*** Opening The input ***

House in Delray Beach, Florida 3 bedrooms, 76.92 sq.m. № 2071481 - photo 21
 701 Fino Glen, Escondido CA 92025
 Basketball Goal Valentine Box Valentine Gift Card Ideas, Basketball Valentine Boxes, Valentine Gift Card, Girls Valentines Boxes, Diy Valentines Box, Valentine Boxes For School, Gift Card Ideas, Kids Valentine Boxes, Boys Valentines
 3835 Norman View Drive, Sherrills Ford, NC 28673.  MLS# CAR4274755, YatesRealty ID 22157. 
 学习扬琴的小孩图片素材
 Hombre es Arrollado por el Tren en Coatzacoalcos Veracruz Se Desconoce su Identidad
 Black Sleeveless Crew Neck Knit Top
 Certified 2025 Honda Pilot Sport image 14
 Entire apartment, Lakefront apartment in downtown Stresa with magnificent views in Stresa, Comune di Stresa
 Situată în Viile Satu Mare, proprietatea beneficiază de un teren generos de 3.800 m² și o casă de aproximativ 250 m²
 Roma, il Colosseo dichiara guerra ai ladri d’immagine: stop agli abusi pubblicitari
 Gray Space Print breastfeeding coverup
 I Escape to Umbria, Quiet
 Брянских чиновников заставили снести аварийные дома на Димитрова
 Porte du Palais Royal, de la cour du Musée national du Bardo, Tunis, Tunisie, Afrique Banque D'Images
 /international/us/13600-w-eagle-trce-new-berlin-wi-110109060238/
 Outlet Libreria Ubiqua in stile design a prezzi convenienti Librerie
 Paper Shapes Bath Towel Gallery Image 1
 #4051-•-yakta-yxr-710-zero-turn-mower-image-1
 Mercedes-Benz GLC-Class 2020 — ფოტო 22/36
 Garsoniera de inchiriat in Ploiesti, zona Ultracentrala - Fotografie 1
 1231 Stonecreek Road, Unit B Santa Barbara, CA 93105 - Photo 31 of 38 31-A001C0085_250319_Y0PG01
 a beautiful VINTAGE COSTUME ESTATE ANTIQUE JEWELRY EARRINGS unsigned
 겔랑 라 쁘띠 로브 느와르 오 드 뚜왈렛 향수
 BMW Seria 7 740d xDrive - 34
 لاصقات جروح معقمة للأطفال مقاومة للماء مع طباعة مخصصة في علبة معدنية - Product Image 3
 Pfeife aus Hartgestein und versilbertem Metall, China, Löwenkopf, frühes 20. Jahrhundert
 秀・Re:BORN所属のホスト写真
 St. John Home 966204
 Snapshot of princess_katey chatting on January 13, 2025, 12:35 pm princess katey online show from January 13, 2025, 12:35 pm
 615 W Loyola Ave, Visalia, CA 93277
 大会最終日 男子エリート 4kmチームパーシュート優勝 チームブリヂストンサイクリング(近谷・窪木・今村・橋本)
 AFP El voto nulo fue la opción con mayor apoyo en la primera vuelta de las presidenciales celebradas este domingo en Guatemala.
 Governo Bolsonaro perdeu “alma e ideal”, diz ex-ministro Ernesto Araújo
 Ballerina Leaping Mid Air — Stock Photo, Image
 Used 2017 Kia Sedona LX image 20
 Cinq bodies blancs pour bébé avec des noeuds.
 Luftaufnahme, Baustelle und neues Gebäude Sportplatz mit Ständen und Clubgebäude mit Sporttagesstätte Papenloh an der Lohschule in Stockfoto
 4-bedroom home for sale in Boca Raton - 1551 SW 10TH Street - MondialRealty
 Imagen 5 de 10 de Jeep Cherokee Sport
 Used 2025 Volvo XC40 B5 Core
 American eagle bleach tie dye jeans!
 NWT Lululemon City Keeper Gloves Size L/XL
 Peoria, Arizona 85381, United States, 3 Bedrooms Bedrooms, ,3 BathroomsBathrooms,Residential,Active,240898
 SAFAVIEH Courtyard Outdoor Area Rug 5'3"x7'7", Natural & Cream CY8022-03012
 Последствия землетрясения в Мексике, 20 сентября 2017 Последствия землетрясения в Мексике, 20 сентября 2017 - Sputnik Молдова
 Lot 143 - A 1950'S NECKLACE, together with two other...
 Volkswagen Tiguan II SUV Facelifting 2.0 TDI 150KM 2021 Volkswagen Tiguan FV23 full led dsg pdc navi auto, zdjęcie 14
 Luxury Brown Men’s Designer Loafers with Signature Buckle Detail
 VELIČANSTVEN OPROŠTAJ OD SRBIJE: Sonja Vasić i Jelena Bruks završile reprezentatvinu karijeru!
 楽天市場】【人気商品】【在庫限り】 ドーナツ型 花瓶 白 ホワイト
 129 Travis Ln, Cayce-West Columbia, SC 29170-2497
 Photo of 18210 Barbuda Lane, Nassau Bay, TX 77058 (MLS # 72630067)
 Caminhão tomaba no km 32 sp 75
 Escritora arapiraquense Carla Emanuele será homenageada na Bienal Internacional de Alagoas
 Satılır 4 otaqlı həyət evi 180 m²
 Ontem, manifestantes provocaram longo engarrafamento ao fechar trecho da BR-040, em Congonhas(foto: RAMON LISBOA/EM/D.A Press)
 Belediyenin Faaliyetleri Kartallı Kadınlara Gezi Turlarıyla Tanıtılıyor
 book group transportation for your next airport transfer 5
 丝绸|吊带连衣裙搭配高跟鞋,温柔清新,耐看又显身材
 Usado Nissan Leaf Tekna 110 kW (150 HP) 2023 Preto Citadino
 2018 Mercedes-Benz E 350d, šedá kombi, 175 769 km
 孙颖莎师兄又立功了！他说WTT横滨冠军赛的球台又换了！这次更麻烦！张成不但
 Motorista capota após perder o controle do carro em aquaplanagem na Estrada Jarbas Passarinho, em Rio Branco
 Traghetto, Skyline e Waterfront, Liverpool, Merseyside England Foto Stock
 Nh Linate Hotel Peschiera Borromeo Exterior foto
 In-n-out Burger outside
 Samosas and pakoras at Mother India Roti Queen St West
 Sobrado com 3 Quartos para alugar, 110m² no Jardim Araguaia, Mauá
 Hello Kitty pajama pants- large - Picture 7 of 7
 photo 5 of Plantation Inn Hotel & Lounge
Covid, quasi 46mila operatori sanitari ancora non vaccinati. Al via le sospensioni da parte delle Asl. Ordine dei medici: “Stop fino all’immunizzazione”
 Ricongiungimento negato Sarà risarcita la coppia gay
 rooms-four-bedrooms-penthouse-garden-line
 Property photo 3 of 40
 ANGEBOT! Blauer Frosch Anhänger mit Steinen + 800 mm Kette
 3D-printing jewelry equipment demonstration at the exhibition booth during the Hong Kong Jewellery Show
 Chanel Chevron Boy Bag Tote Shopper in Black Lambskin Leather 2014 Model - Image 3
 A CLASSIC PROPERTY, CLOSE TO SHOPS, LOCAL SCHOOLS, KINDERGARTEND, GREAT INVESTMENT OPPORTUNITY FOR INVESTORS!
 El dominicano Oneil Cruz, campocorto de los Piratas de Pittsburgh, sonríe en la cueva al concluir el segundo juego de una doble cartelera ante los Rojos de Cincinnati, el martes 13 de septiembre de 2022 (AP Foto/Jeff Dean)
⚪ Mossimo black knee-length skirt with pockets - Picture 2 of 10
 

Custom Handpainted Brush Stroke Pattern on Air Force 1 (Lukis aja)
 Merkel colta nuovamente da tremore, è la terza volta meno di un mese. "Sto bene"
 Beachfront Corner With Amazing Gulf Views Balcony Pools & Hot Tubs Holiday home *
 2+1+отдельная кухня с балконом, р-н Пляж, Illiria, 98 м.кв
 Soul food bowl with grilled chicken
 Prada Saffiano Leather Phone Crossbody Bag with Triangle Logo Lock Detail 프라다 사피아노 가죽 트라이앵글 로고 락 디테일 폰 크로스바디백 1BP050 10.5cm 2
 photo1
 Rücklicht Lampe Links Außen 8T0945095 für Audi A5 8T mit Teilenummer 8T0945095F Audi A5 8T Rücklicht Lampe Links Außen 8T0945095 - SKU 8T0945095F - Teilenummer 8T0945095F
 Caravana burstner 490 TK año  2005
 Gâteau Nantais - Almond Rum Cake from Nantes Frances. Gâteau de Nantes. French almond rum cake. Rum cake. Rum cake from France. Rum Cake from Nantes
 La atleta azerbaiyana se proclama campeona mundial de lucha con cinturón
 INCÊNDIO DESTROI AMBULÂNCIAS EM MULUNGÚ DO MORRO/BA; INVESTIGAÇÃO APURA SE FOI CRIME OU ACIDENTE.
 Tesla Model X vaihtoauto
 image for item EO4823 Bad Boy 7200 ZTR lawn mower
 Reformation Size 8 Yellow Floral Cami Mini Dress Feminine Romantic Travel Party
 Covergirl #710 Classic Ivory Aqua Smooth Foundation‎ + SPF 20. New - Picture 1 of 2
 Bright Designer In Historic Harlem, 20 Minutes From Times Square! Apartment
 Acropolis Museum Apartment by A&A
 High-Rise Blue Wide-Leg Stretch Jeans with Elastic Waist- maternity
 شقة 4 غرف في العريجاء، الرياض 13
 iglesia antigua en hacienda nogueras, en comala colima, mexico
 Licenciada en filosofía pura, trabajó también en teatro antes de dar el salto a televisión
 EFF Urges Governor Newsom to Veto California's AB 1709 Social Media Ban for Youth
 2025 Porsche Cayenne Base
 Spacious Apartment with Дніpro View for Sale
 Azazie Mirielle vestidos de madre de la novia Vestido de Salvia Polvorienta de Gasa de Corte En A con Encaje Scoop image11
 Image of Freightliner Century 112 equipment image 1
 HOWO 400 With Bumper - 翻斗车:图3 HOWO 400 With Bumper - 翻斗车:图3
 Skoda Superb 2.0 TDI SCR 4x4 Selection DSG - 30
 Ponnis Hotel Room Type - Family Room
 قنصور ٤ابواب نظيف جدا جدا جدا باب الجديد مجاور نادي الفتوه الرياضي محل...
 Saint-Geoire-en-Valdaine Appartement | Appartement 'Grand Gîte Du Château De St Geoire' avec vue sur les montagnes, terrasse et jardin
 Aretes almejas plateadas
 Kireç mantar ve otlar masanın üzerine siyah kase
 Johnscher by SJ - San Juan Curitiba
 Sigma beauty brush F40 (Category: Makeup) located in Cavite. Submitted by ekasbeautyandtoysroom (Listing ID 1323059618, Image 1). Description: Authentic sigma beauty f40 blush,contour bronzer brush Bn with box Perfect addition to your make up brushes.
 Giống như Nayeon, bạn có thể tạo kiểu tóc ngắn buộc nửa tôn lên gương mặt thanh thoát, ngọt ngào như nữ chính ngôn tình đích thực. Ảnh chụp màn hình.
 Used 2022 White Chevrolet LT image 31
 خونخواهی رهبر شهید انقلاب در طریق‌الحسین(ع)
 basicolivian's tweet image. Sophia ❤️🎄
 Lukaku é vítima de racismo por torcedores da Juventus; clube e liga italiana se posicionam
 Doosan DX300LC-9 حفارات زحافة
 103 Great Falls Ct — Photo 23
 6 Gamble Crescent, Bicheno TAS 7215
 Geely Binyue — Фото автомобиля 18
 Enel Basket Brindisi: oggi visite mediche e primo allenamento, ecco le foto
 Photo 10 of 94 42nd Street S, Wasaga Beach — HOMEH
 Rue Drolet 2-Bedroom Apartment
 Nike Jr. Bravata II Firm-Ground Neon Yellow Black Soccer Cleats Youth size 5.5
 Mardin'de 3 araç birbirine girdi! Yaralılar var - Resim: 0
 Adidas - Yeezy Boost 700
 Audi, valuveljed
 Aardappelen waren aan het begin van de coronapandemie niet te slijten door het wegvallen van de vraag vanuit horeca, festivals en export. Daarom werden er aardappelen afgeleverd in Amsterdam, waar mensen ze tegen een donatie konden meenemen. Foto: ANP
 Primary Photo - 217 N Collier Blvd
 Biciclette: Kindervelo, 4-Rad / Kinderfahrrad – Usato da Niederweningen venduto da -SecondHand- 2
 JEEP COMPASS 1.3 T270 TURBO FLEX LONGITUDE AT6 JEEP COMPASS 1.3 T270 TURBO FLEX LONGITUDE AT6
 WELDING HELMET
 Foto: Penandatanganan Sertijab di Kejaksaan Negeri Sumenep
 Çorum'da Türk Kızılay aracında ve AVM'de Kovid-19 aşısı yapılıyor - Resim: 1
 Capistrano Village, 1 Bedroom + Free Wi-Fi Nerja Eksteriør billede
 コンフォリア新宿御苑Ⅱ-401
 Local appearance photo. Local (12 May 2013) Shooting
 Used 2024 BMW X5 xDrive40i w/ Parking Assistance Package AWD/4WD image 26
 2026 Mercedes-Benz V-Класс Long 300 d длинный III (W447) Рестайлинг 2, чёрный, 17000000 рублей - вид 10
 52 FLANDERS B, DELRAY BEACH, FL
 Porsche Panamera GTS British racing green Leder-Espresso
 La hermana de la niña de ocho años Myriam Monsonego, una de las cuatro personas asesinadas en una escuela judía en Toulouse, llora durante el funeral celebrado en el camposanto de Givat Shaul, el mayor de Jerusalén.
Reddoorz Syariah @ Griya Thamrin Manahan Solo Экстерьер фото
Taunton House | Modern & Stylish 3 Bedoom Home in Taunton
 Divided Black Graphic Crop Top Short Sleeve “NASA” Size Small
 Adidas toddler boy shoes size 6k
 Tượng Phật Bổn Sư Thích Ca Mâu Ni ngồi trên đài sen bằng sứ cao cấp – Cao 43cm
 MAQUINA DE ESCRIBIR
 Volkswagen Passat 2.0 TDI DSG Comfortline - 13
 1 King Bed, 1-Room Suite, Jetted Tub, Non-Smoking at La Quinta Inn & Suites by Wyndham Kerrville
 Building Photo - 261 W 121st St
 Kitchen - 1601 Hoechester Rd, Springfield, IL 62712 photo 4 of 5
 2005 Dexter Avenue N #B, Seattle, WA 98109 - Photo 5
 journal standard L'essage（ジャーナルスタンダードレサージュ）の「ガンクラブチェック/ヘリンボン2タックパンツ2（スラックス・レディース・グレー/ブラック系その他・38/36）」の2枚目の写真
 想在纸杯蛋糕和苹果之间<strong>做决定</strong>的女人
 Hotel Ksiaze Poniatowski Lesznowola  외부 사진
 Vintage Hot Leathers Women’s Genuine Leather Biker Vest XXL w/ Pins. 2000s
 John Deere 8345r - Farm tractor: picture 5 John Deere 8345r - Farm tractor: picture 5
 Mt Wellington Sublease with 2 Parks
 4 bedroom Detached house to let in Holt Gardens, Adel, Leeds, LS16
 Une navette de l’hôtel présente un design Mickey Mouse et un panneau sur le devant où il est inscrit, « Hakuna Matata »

*** Closing The input ***

• **Description of the task**
Please copy, word for word, every line from the first line of the records through the line containing "学习扬琴的小孩图片素材", with both of those lines included and nothing else.

• **Problem solution**
House in Delray Beach, Florida 3 bedrooms, 76.92 sq.m. № 2071481 - photo 21
 701 Fino Glen, Escondido CA 92025
 Basketball Goal Valentine Box Valentine Gift Card Ideas, Basketball Valentine Boxes, Valentine Gift Card, Girls Valentines Boxes, Diy Valentines Box, Valentine Boxes For School, Gift Card Ideas, Kids Valentine Boxes, Boys Valentines
 3835 Norman View Drive, Sherrills Ford, NC 28673.  MLS# CAR4274755, YatesRealty ID 22157. 
 学习扬琴的小孩图片素材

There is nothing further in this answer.